There is, however, no reason for it to "fund" future entitlements in financial terms, because the constraint on whether it can meet future entitlements is not a financial constraint. If there is adequate productive capacity to provide the goods and services, at terms of transfer that the working generations of that day can live with in return for the promise that they will be taken care of when they retire in turn, there is no problem.
 But isn't that highlighted point exactly the problem.  The incredible size of the baby boomer generation has caused enormous problems (starting with class sizes exploding and school facilities not ready for the bulge 50 years ago) as it has gone through the demographic cycle.  I'm under the impression that the combined impact of SS and Medicare, coupled with longer life spans and wonderful, but costly, new medicines and medical procedures, will not allow the generations following to pay for the boomers.

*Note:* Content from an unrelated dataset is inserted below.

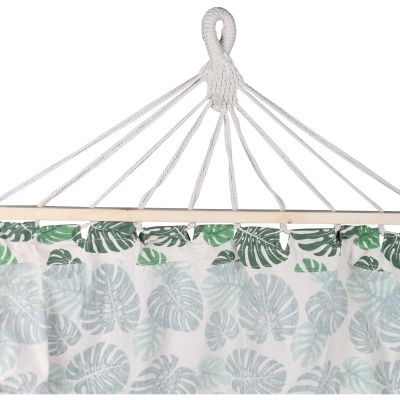 10. HAMAK OGRODOWY 1 OSOBOWY 200X100CM Z DRĄŻKIEM I  Z FRĘDZLAMI MIAMI NATURA JUNGLE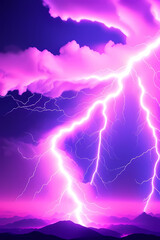 lightning bolt. Lightning flash bolt or thunderbolt. Pink lightning or magic power blast storm. Thunder and lightning isolated on pink background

The argument against simply using the government's money issuing power to fund social insurance is that if the economy is in an inflationary environment, this injection of liquidity destabilizes the economy. So in line with the payments being made, which creates purchasing power, an equivalent amount of purchasing power should be destroyed via taxation.
This policy would use monetary policy to further aggravate and stimulate an inflation (the opposite of what central banks have learned to do to control inflation), and add to that a negative fiscal stimulus that would slow the economy and raise unemployment.  I think you've shot both Friedman and Keynes with this policy--got 'em with one bullet.

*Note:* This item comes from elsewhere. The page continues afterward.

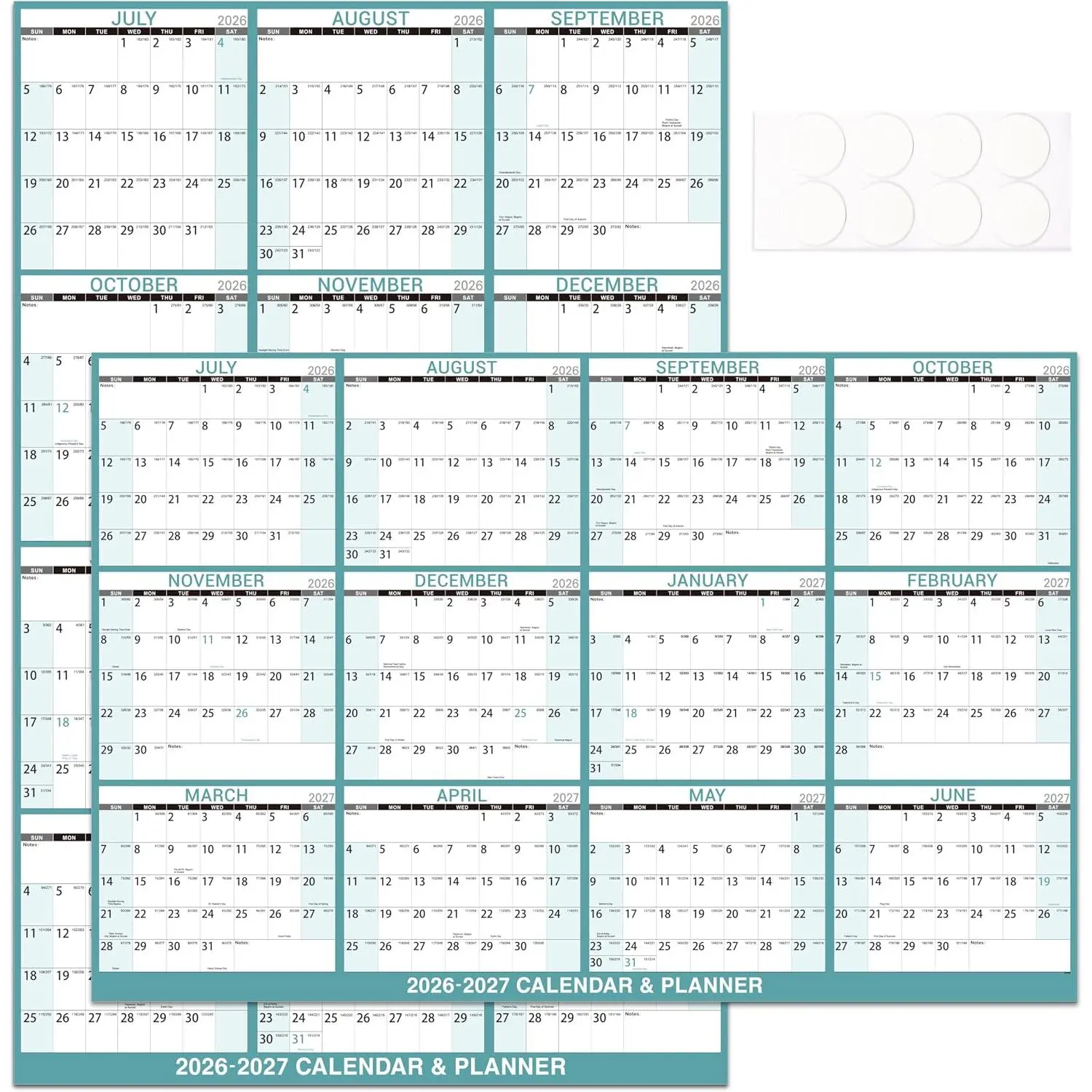 Dry Erase Calendar 2026-2027 - Large Yearly Calendar for Wall, 32'' x 48'' Laminated Erasable Organizer with Large Blocks, Horizontal/Vertical,  for Office, School, , July 2026 - June 2027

Buying private sector securities is simply a means of inflating the value of those securities and provide additional commission income to those in the financial sector. That funding can never actually be allowed to be drawn down, because then that would depress the value of private securities.
There is an investment policy that would work here.
  1.  Some of the funding of social security could be done as it is today--a certain %.
  2.  An appropriately conservative portfolio approach would be used considering the needs of the retiring.  This would certainly mean using more financial vehicles than US Equities.  Liquid international markets with transparency should certainly be included.  And the portfolio should have private bonds as well.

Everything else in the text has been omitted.